For instance, they may believe that a certain stock is a good buy because fund managers are rallying to buy it – unaware that experts are simply shorting the company’s stock.
The best defensive strategy for followers is to make an effort in learning more about the investment market so that they can better control their finances and impulsive investing decisions.
Independents
Independents are investors who typically display a balanced investing personality because they neither hold back nor simply join the bandwagon. In most cases, independents have clear investment objective and they take the time to understand the market and be involved with their investments.
Instead of leaving critical decisions to experts, independents practice due diligence to make informed decisions.
The downside is that some independent investors may become too confident with their research and conclusions that they dismiss some recommendations or tips that may prove to be useful.
Independents simply need to keep their ego in check and keep an open mind about “expert” predictions to avoid missing out on crucial information that they may have missed in the course of their research.
Accumulators
Finally, accumulators are aggressive investors who don’t shy away from actively trading. Accumulators tend to focus on growing their wealth and investments, and they are prepared to accept high risks to achieve it.
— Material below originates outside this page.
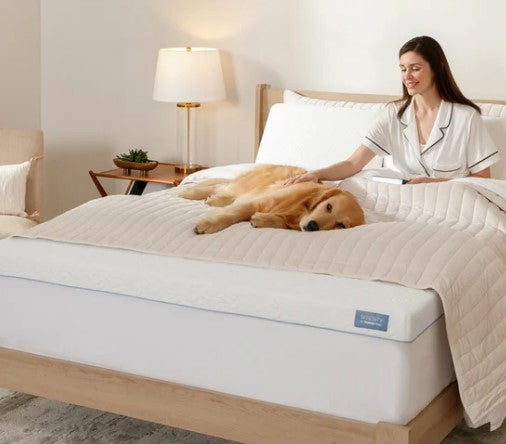 Serenity by Tempur-Pedic 3” Cooling Memory Foam Mattress Topper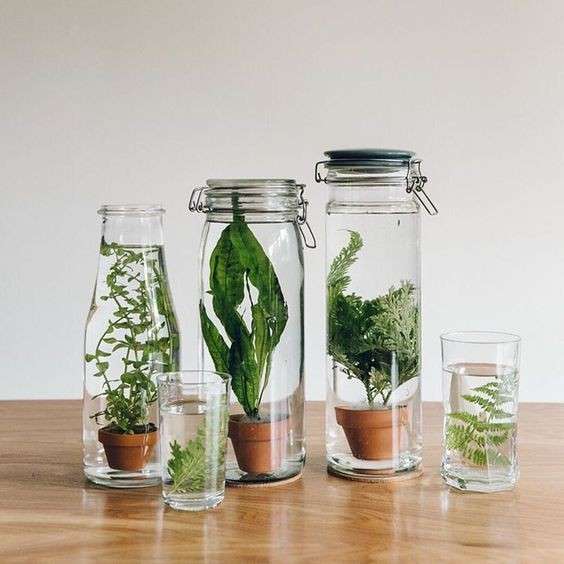plantas de interior para água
They also tend to be overconfident in their investing decisions that they keep forging ahead despite warnings – especially when they’ve made good calls with risky assets in the past. Unlike independents, however, accumulators may make crucial investment decisions without proper research and evaluation.
Accumulators benefit from higher returns with investments because of their willingness to take on higher risks for the sake of potential growth; however, it’s also important for them to exercise caution. Their biggest obstacle is to overcome their egos to ensure that they make rational investment decisions based on facts.
Financial literacy is the key
The key to balancing risks and returns is through improving one’s financial literacy – it’s also the best investment a person can make. However, beginner investors don’t have to do it alone right off the bat. They may seek the advice of licensed professionals to get started and slowly build their investing knowledge as time passes.